As such, there seem to be “no weighty reasons,” in the words of Bishop Athanasius Schneider, to see the SSPX as anything less than a society of “full-on” Catholic priests. All of them can trace their priesthoods back, at least indirectly if not directly, to one of the four men identified as “bishops” in Cardinal Re’s 2009 decree – if not to Marcel Lefebvre himself, who was undoubtedly a bishop.

What’s more, are the SSPX’s clergymen “real priests” only in the confessional, per Pope Francis’ Year of Mercy decree, but then cease being so when they step outside of it? It’s an “absurdity” to think so, at least according to Bishop Schneider, and how can one logically dismiss his point?

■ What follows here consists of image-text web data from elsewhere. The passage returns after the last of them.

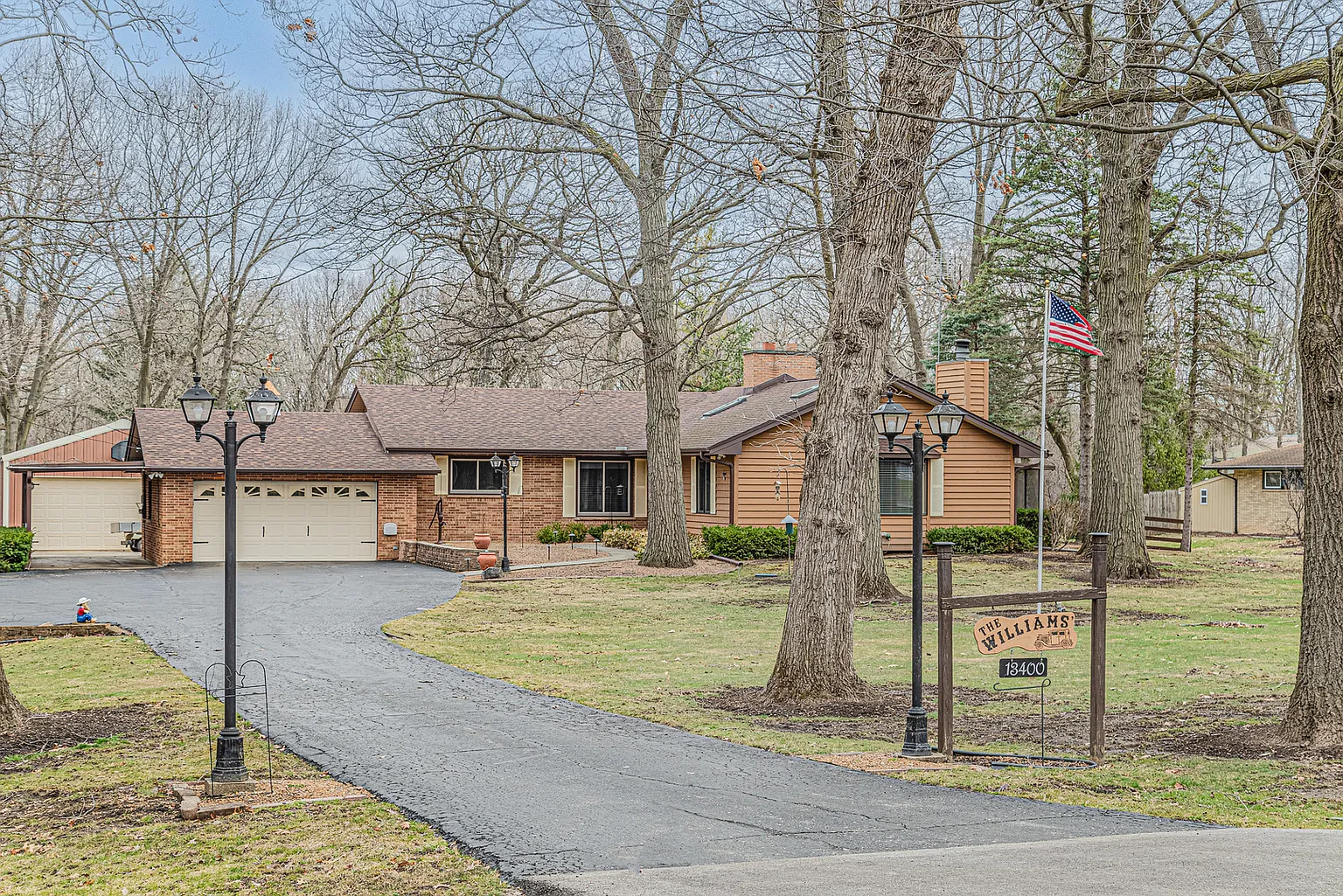 13400 W Greenview Dr photo 1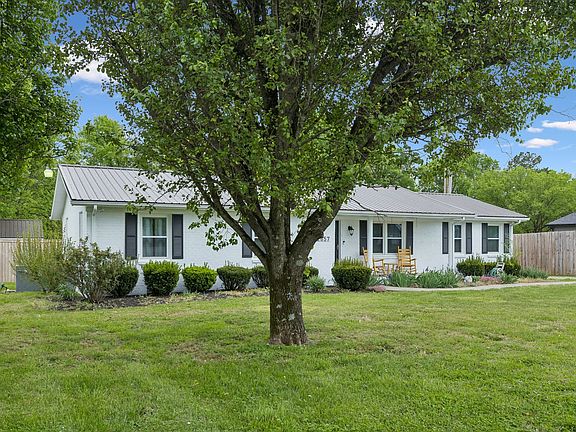4th image of 2857 Barfield Rd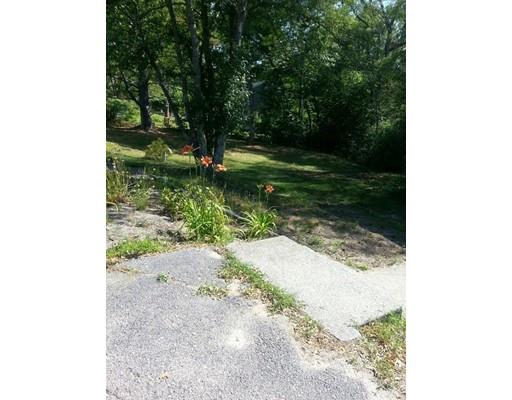 11 Peaceful Ln, East Wareham, MA 02538 photo 4
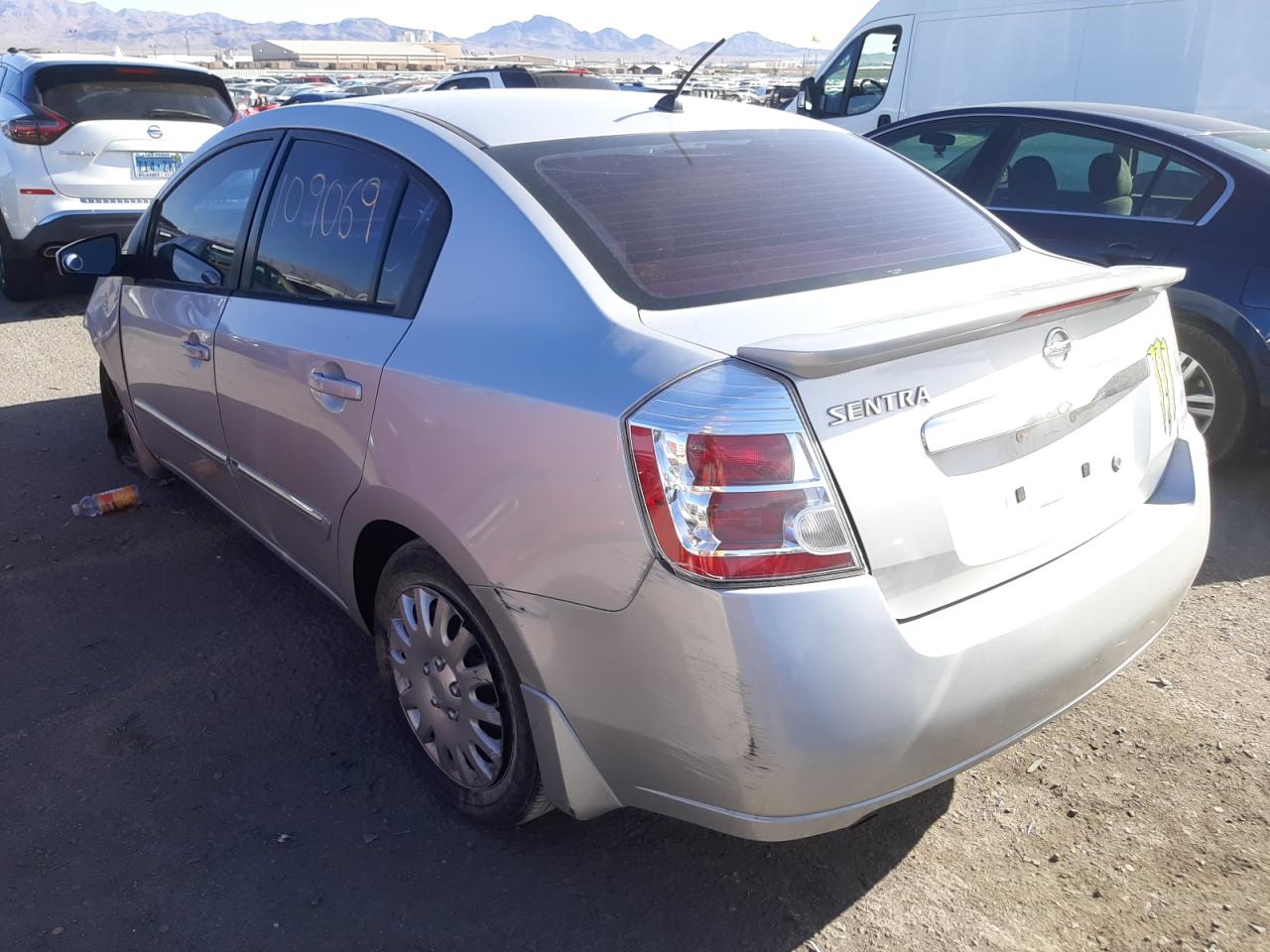 Photo 3 from auction – 2012 NISSAN SENTRA 2.0 with VIN 3N1AB6AP9CL717875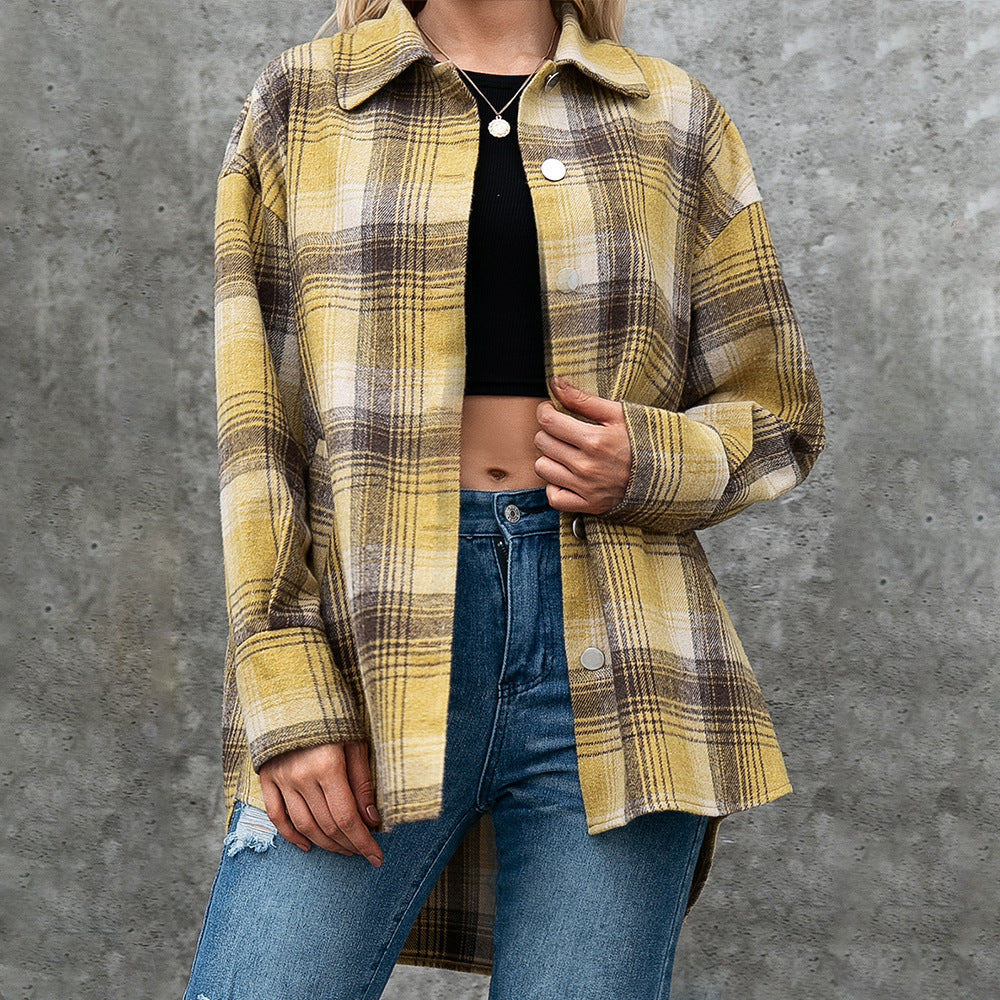 Chemise à carreaux pour femmes à coupe courte Chic und Stil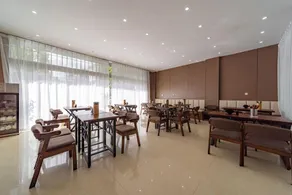 Quanyue Smart Hotel (The Old Town of Lijiang) - Image 3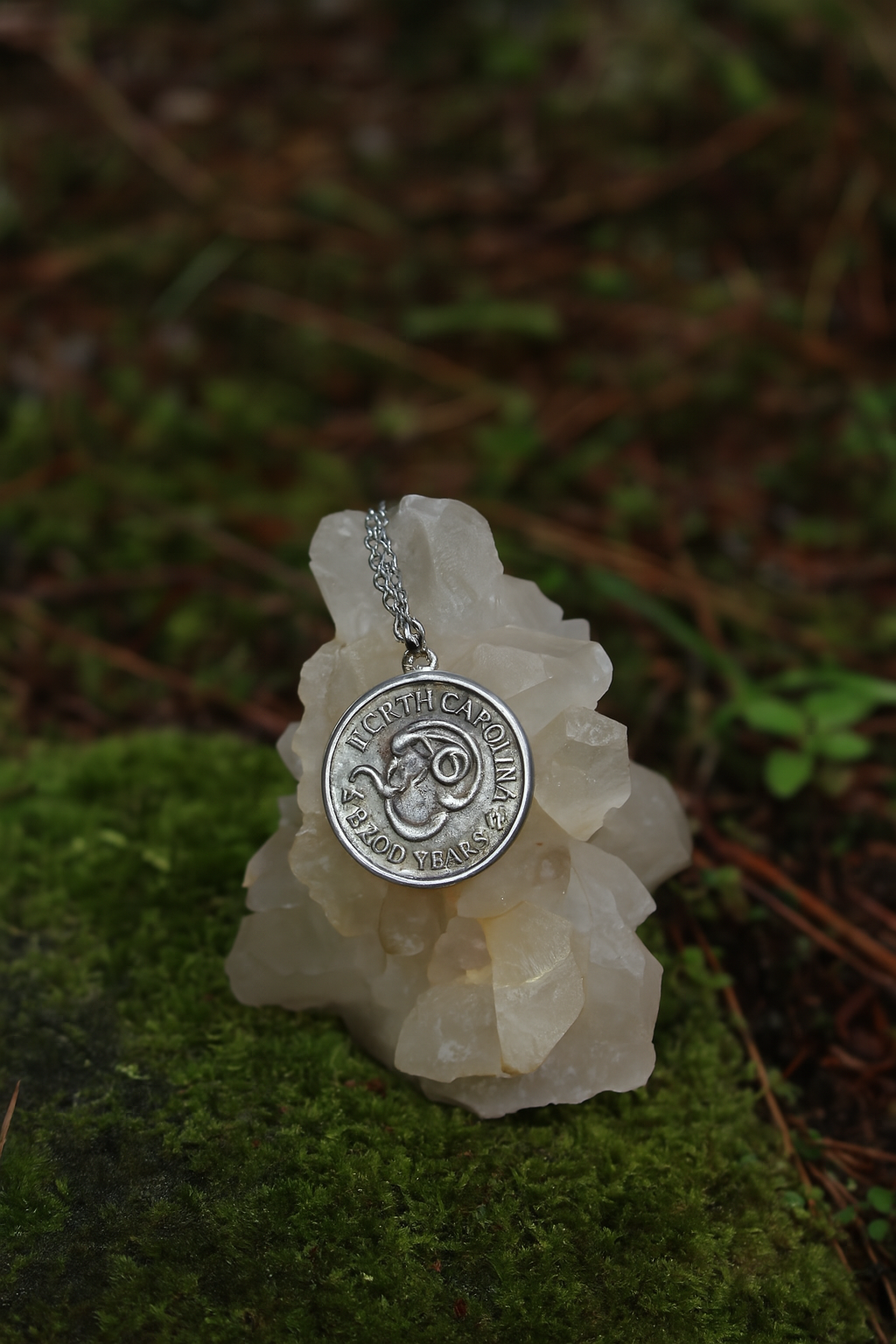 1960 Australian Shilling Coin Pendant - 0032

Truth be told, if an SSPX chapel or priory – the Society doesn’t call them “parishes,” I’ve come to learn, as they respect the authority of local bishops and would not use that designation without their say-so – were to be opened near where I live, I would seriously consider attending Masses there. “Regular canonical status” to me smacks of not much more than petty Church politics, something with which man and not Christ has corrupted the Church. My “job,” so to speak, as a Catholic layman is not to sink myself too deeply into such politics, but to effect the salvation of my soul and help whoever else I can (starting with my wife) to do the same.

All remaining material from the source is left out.